### Work item
Please output the section of the listing below that opens with the line containing "Собаки в Москве: Ласковая" and closes with the line containing "男性，人，男子，成人，草，绿色，夏天，场", exactly and with nothing else.

### Data supplied
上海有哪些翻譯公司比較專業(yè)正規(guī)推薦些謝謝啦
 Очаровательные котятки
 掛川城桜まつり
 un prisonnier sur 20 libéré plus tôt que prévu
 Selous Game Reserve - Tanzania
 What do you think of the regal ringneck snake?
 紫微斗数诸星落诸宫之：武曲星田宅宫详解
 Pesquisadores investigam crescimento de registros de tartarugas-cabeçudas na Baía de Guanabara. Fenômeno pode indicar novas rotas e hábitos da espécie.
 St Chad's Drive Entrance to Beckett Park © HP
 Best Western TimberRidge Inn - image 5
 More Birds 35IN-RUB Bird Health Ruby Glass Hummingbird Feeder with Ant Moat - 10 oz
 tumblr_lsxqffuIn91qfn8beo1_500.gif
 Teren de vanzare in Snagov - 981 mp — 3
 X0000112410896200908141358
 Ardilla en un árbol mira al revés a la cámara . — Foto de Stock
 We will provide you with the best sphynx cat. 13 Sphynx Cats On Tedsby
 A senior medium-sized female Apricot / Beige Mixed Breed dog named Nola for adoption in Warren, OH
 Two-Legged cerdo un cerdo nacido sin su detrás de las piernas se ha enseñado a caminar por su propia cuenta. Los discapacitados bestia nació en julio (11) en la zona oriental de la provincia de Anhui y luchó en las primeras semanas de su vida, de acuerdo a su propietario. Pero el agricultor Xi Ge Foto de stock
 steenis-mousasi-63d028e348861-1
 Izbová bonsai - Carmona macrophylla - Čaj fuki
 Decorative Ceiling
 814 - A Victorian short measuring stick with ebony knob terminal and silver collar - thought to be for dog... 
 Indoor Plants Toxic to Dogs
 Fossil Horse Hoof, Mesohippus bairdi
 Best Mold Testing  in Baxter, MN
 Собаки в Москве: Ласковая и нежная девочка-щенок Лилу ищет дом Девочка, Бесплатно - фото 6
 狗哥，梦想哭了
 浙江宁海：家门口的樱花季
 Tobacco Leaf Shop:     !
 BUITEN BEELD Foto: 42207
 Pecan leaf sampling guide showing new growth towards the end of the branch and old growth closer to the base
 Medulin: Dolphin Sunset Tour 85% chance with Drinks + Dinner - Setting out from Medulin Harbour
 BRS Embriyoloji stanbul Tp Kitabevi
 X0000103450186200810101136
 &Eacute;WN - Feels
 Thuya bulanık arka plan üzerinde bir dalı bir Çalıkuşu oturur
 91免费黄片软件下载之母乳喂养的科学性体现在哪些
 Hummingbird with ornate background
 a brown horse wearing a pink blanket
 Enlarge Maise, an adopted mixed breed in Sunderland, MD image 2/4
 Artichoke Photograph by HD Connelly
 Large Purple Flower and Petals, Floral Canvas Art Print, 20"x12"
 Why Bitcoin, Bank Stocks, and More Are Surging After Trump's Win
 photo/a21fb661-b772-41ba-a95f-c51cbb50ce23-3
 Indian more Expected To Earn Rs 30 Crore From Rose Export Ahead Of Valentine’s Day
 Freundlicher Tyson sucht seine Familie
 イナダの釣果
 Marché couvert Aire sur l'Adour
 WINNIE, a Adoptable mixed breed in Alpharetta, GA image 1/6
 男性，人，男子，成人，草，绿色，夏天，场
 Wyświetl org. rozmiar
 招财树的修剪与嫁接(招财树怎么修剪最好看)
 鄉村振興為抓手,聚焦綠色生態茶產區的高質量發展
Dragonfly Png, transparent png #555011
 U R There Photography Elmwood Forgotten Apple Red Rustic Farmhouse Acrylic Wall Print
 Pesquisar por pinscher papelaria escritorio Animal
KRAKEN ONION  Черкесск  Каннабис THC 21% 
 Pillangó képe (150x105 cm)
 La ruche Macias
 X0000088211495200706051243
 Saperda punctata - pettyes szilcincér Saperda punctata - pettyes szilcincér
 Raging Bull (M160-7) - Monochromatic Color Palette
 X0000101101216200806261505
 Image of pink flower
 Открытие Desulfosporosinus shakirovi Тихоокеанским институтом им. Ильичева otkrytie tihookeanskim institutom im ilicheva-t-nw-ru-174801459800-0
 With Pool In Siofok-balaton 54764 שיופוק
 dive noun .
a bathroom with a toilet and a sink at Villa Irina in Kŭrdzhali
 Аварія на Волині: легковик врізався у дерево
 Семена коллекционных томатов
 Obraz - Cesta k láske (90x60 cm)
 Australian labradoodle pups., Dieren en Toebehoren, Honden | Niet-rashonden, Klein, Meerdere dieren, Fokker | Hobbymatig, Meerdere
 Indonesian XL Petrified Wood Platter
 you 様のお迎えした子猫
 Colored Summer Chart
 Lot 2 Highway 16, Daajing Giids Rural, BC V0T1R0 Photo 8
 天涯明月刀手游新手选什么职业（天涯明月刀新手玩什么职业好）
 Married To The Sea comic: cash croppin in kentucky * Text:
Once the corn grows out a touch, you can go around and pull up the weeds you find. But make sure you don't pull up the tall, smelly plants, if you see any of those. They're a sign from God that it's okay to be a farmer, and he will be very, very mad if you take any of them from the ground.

### Answer to the exercise
 Собаки в Москве: Ласковая и нежная девочка-щенок Лилу ищет дом Девочка, Бесплатно - фото 6
 狗哥，梦想哭了
 浙江宁海：家门口的樱花季
 Tobacco Leaf Shop:     !
 BUITEN BEELD Foto: 42207
 Pecan leaf sampling guide showing new growth towards the end of the branch and old growth closer to the base
 Medulin: Dolphin Sunset Tour 85% chance with Drinks + Dinner - Setting out from Medulin Harbour
 BRS Embriyoloji stanbul Tp Kitabevi
 X0000103450186200810101136
 &Eacute;WN - Feels
 Thuya bulanık arka plan üzerinde bir dalı bir Çalıkuşu oturur
 91免费黄片软件下载之母乳喂养的科学性体现在哪些
 Hummingbird with ornate background
 a brown horse wearing a pink blanket
 Enlarge Maise, an adopted mixed breed in Sunderland, MD image 2/4
 Artichoke Photograph by HD Connelly
 Large Purple Flower and Petals, Floral Canvas Art Print, 20"x12"
 Why Bitcoin, Bank Stocks, and More Are Surging After Trump's Win
 photo/a21fb661-b772-41ba-a95f-c51cbb50ce23-3
 Indian more Expected To Earn Rs 30 Crore From Rose Export Ahead Of Valentine’s Day
 Freundlicher Tyson sucht seine Familie
 イナダの釣果
 Marché couvert Aire sur l'Adour
 WINNIE, a Adoptable mixed breed in Alpharetta, GA image 1/6
 男性，人，男子，成人，草，绿色，夏天，场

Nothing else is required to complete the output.